Annotation Manual
Overview
The objective of the annotation task is to provide high quality translation data such that the model can learn appropriate translations. The current models unfortunately still translate word by word due to lack of data to provide context.
The task covers 4 different sentence lengths as they provide a different outcome when finetuning. Short sentences would focus more on syntax correctness while Long sentences would also contribute to broad context learning.
Fields
- Input Text: Source Language input to the model (For example: English Sentence)
- Predicted Text: Target Language output by the model (For example: Creole Sentence translated by current SOTA model)
- Rating: Scale from 1 to 5 rating how good a translation was.

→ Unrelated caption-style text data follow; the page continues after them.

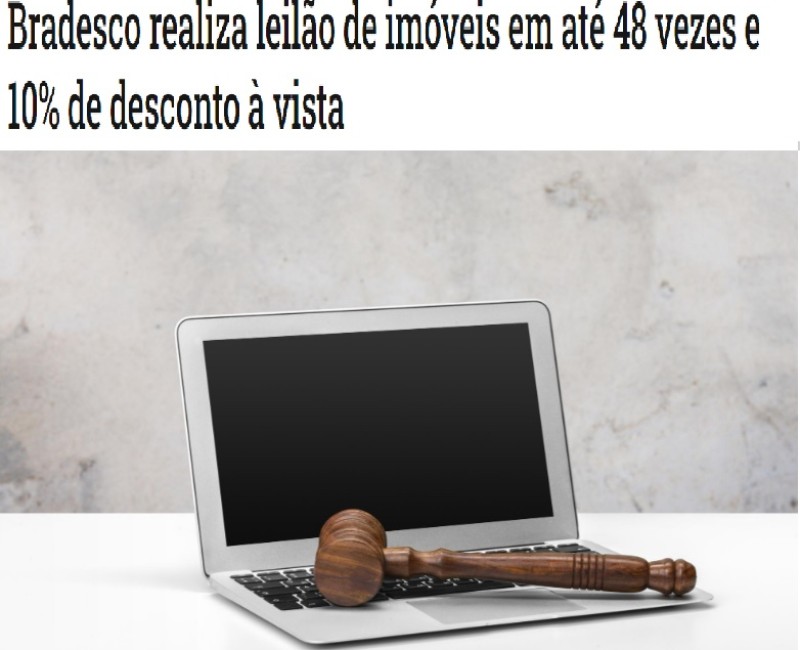 Bradesco realiza leilão de imóveis em até 48 vezes e 10% de desconto à vista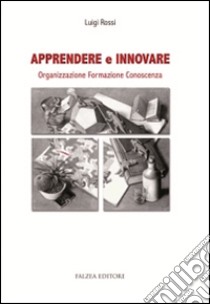 Apprendere e innovare. Organizzazione, formazione, conoscenza libro di Rossi Luigi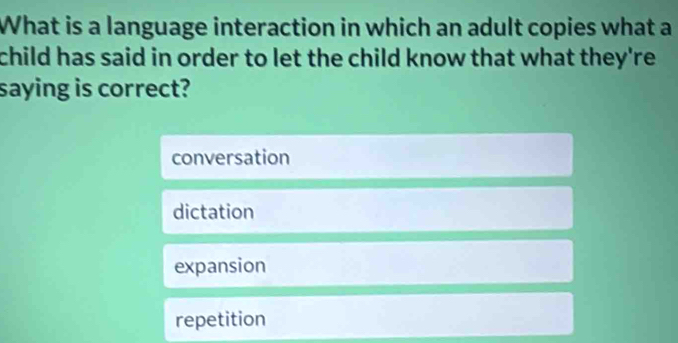 What is a language interaction in which an adult copies what a
child has said in order to let the child know that what they're .
saying is correct?
conversation
dictation
expansion
repetition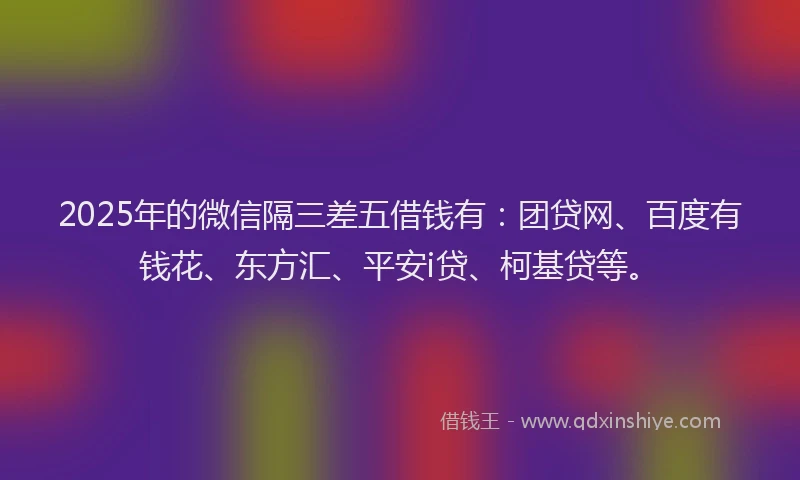 2025年的微信隔三差五借钱有：团贷网、百度有钱花、东方汇、平安i贷、柯基贷等。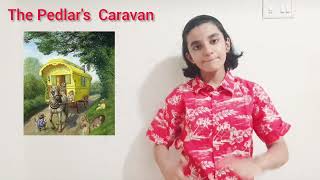 The Pedlars Caravan Poem By Yatee Krishna 🐴 [upl. by Devinne]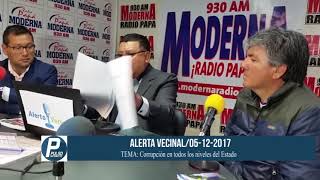 Alerta vecinal 05122017CORRUPCIÓN EN TODOS LOS NIVELES DEL ESTADO [upl. by Monreal]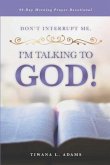 Don't Interrupt Me, I'm Talking to God!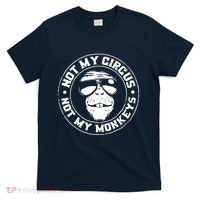Not My Circus Not My Monkeys T-Shirt thumb 0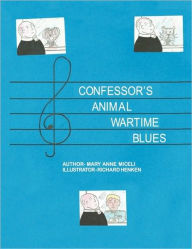 Confessor's Animal Wartime Blues - Mary Anne Miceli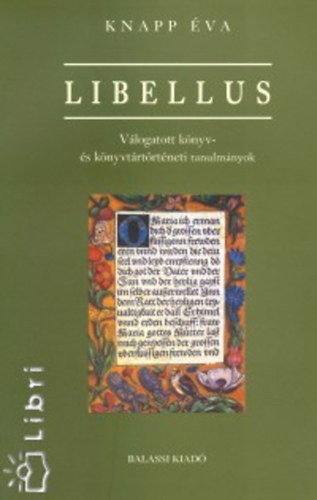 Libellus - Vlogatott knyv- s knyvtrtrtneti tanulmnyok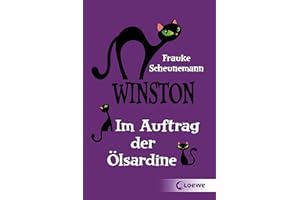 Winston (Band 4) - Im Auftrag der Ölsardine: Katzen-Krimi für Kinder ab 11 Jahre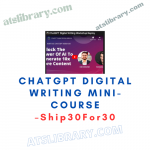 Ship30For30 – ChatGPT Digital Writing Mini-Course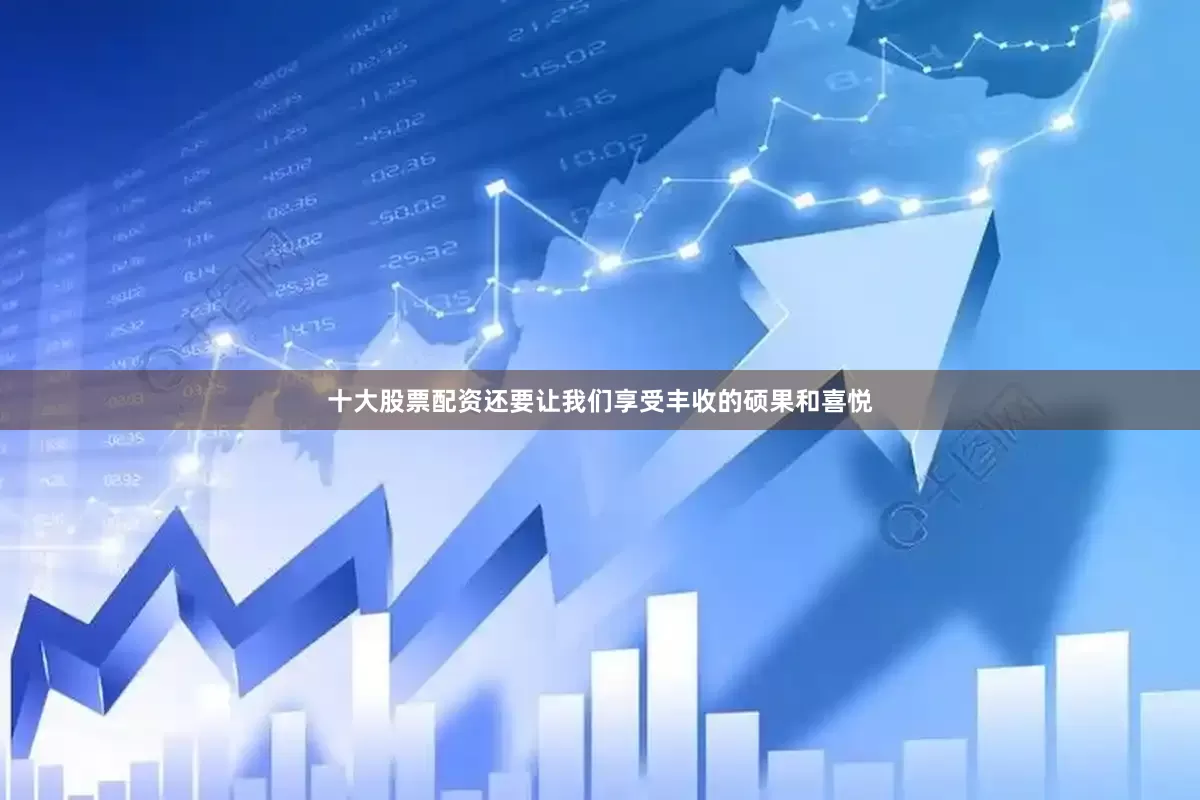 十大股票配资还要让我们享受丰收的硕果和喜悦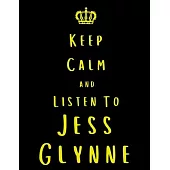Keep Calm And Listen To Jess Glynne: Jess Glynne Notebook/ journal/ Notepad/ Diary For Fans. Men, Boys, Women, Girls And Kids - 100 Black Lined Pages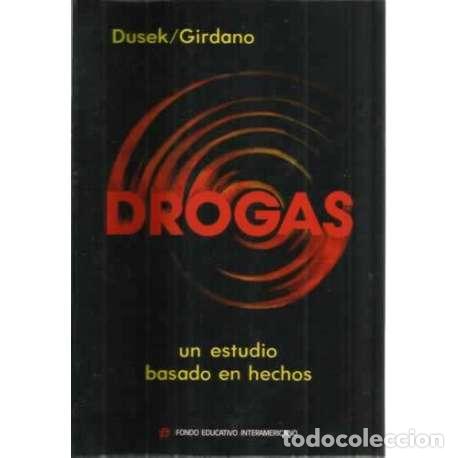 Libros: Drogas. Un estudios basado en hechos - Dusek/ Girdano - Foto 1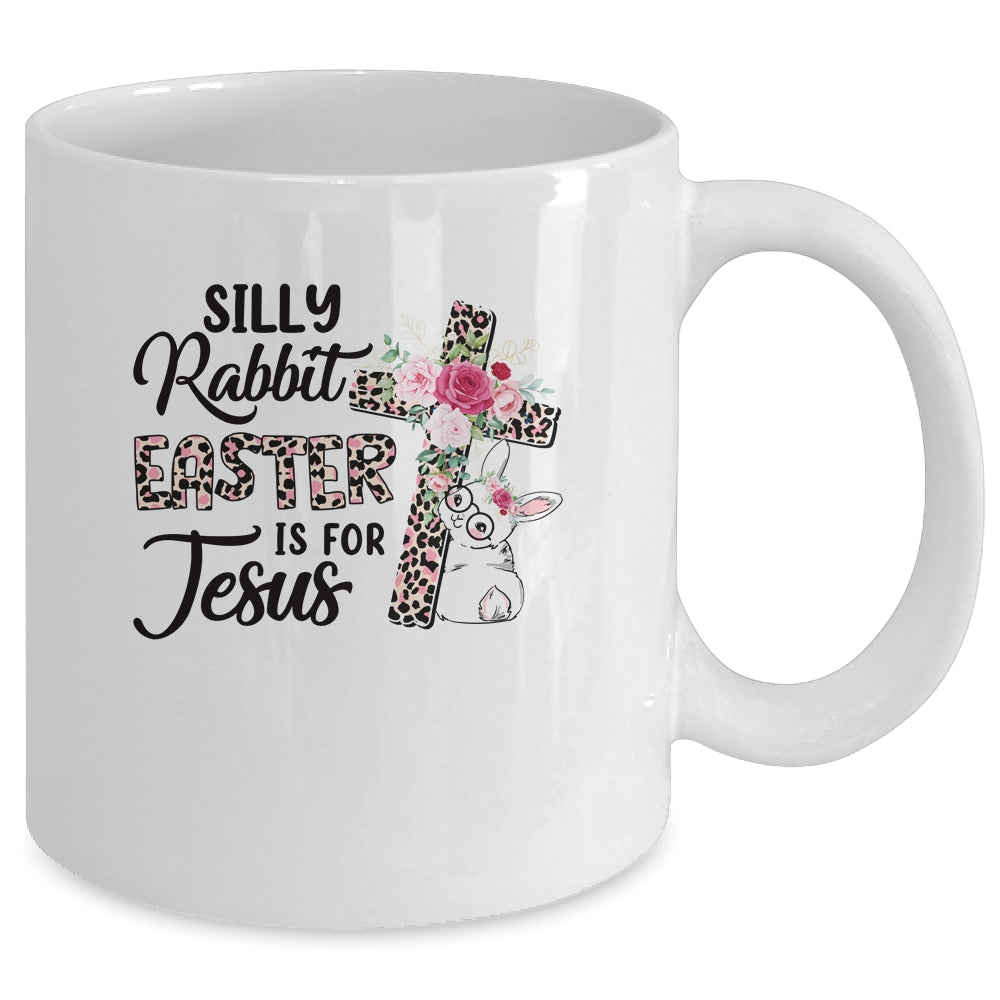 Silly Rabbit Easter Is For Jesus Easter Day Leopard Cross Mug | siriusteestore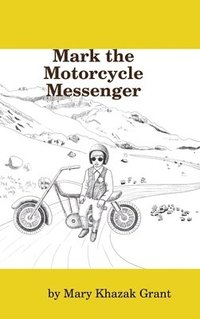 bokomslag Mark the Motorcycle Messenger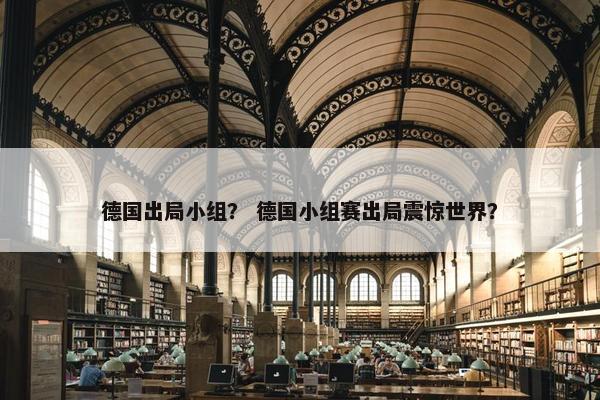 德国出局小组？ 德国小组赛出局震惊世界？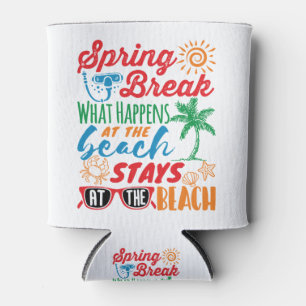 Spring Break Was passiert am Beach Funny Party Dosenkühler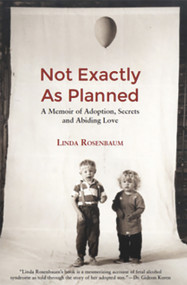 Not Exactly as Plaaned: A memoir of Adoption, Secrets and Abiding Love by Linda Rosenbaum, 9781927335918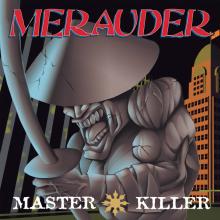 MERAUDER  - VINYL MASTER KILLER [VINYL]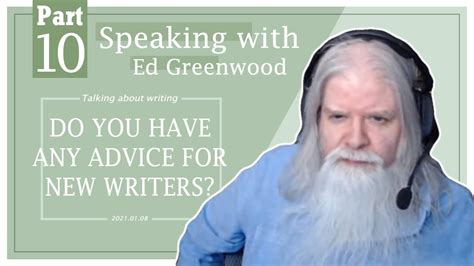 Speaking With... Ed Greenwood: What advice do you have for new writers? (January 8, 2021 - 10 of ...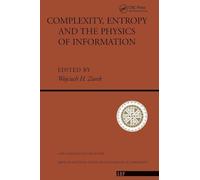 Complexity, Entropy And The Physics Of Information: The Proceedings of the 1988 Workshop on Complexity, Entropy, and the Physics of Information Held: ... Studies in the Sciences of Complexity)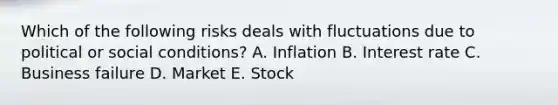 Which of the following risks deals with fluctuations due to political or social conditions? A. Inflation B. Interest rate C. Business failure D. Market E. Stock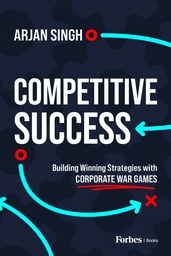 [9798887503240] Competitive Success: Building Winning Strategies with Corporate War Games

- Suggested Text: Text inputted by the user to correct Predicted Text
Rating
We propose 5 rating levels to help our machine learning models understand the differences between the Predicted Text and Suggested Text.
- Completely wrong, makes no sense.
- Got some words right.
- Got most words right, context and grammar might be slightly off.
- Perfect word by word translation, close to perfect grammar.
- Perfect translation, sentence should sound like spoken by a local (not word by word translation). Perfect grammar.
Nuances
The kreol morisyen language on its own, for most speakers, do not follow inherent grammatical rules. However these rules exist and were implemented by linguists, kreol advocates and the government. We aspire to get translations as close as possible to the standardized kreol morisyen.
One could argue that there are multiple ways of saying the same thing in kreol morisyen, I would agree and I would suggest the user to write what they believe a local speaker would say. The diversity in sentence structure is an asset for more robust learning.